Quando c’è l’anniversario del terremoto, il mondo sembra dividersi tra chi viene a L’Aquila per il 6 aprile e chi ci vive anche i restanti giorni dell’anno.

I reportage che i giornalisti delle principali testate nazionali e internazionali arrivati nel capoluogo Abruzzese stanno facendo, i titoli che i redattori stanno scegliendo, le parole che stanno usando, sono però molto importanti per tutti, perché contribuiscono a creare un primo importante giudizio storico sulla situazione dopo dieci anni da quel distruttivo terremoto del 2009 e di conseguenza sugli interventi e le politiche da allora messe in atto.

Dieci anni sono tanti. Sono un intervallo di tempo e di vita, personale e collettiva importante, un pezzo di storia di tutto il Paese con cui fare i conti. Purtroppo, però, generalmente questi titoli non sono positivi o quantomeno sono caratterizzati da chiaro scuri che delineano un profilo complesso e problematico di questa città nel 2019.

Non si trova, a L’Aquila, nessuna “rinascita” o, detto più laicamente, ripresa socio economica, come ben sa chi vive il suo quotidiano in città.

In dieci anni si è pensato quasi esclusivamente alla ricostruzione materiale, secondo il principio adottato e perseguito del com’era-dov’era, senza un’adeguata progettualità e senza un’idea di città. Ma L’Aquila non è una lavatrice, per cui si prende ciò che si è rotto, lo si raggiusta o sostituisce con un pezzo nuovo et voilà, funziona.
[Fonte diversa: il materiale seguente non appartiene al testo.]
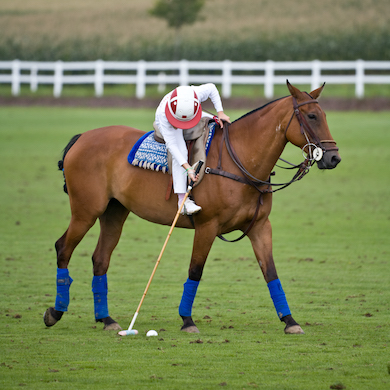 Learn to play Horse Polo_ VIP TRIPS FOR KIDS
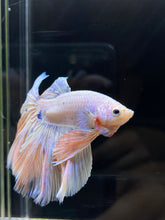 Load image into Gallery viewer, Male Rosetail - Pastel #2571 - Live Betta Fish
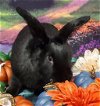 adoptable Rabbit in  named Binx (Jim)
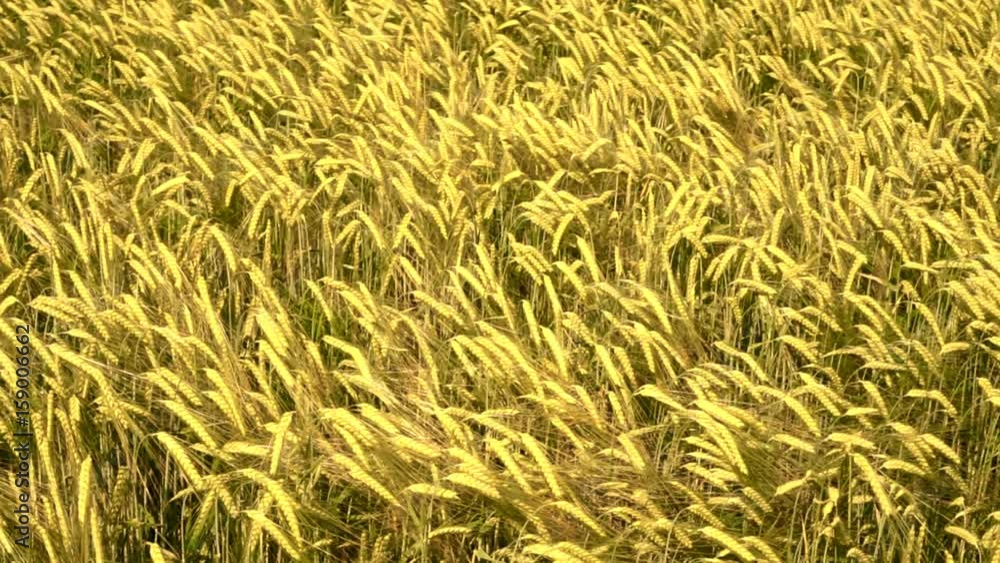Barley field with wind and gold light in Hallertau (Bayern, Germany)
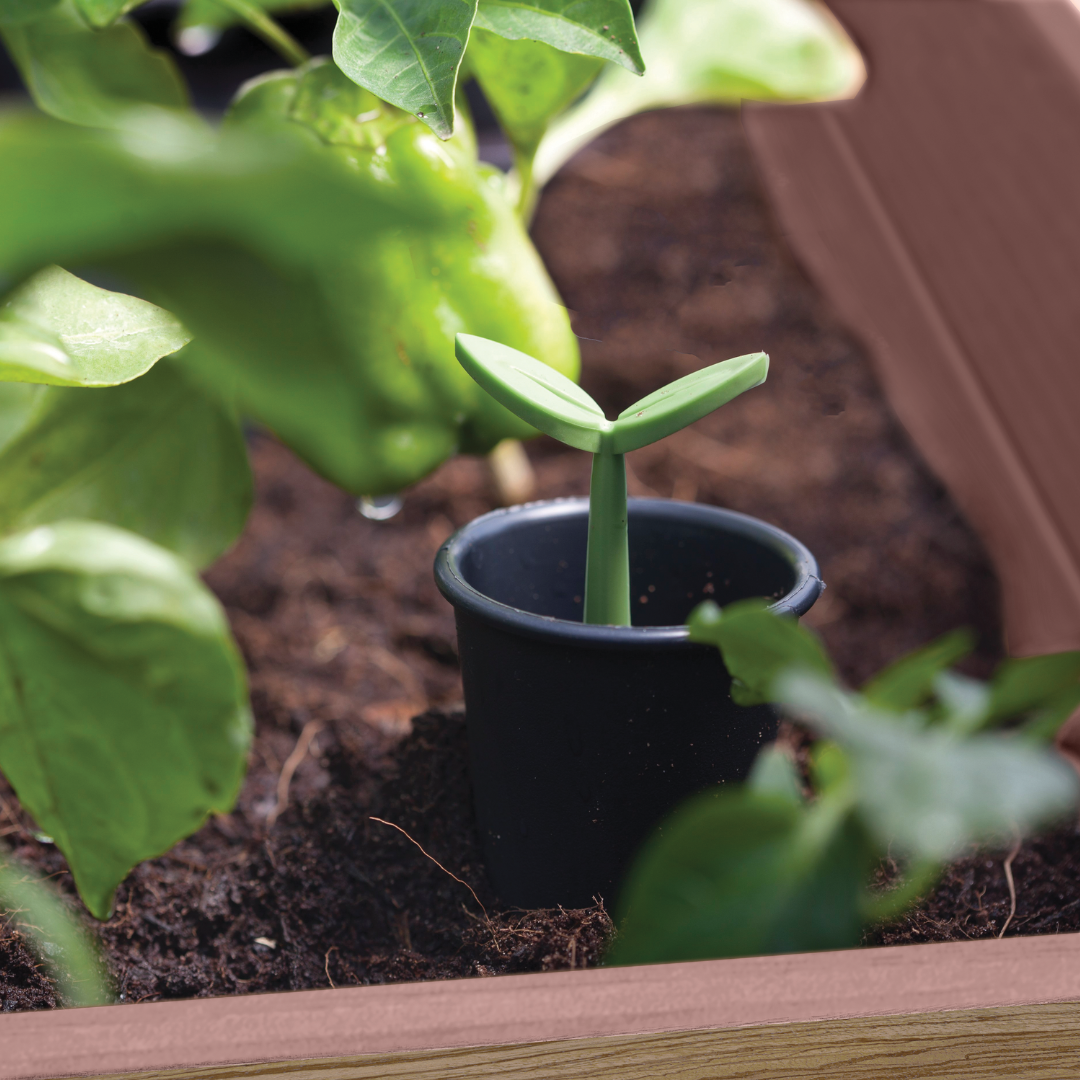 Signature Collection: Garden Bed Ashwood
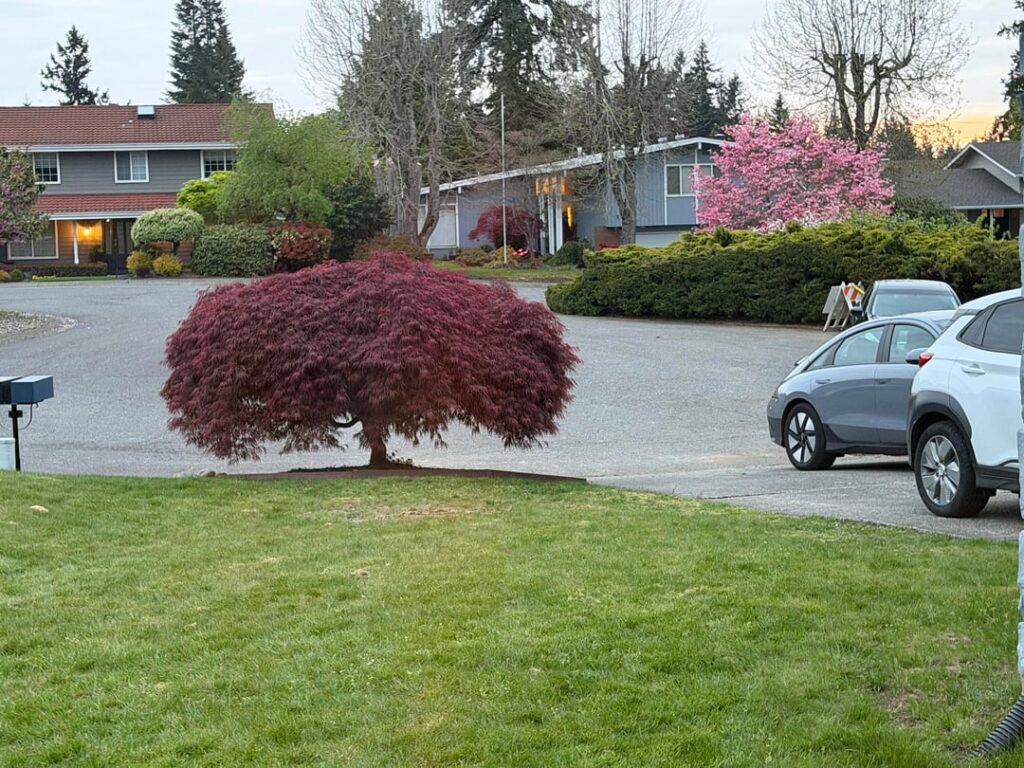 Have a very large Japanese maple, looking for advice.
Ecco perché dopo dieci anni la sua anima, il Centro Storico, con il suo 30% circa di edifici tornati agibili, con meno di cento attività riaperte sulle circa mille esistenti al momento del terremoto, non dà segno di riavvio. La ricostruzione a macchia di leopardo fa sì che i tanti cantieri in corso e le attività economiche rientrate anche con bandi appositi, convivano molto male tra loro, senza che esista un’amministrazione reale di questa transizione complessa che durerà per chissà ancora quanti altri anni. Tra i vicoli pieni di polvere e lavori, tra i litigi degli operai con i commercianti, gli abitanti non tornano, gli uffici nemmeno e i servizi sono fatiscenti, per usare un eufemismo. La sola cosa che funziona è la ristorazione diurna per i tanti operai e tecnici della ricostruzione e i locali notturni dove prendere da bere per gli aquilani che arrivano a popolare il centro dall’ora dell’aperitivo.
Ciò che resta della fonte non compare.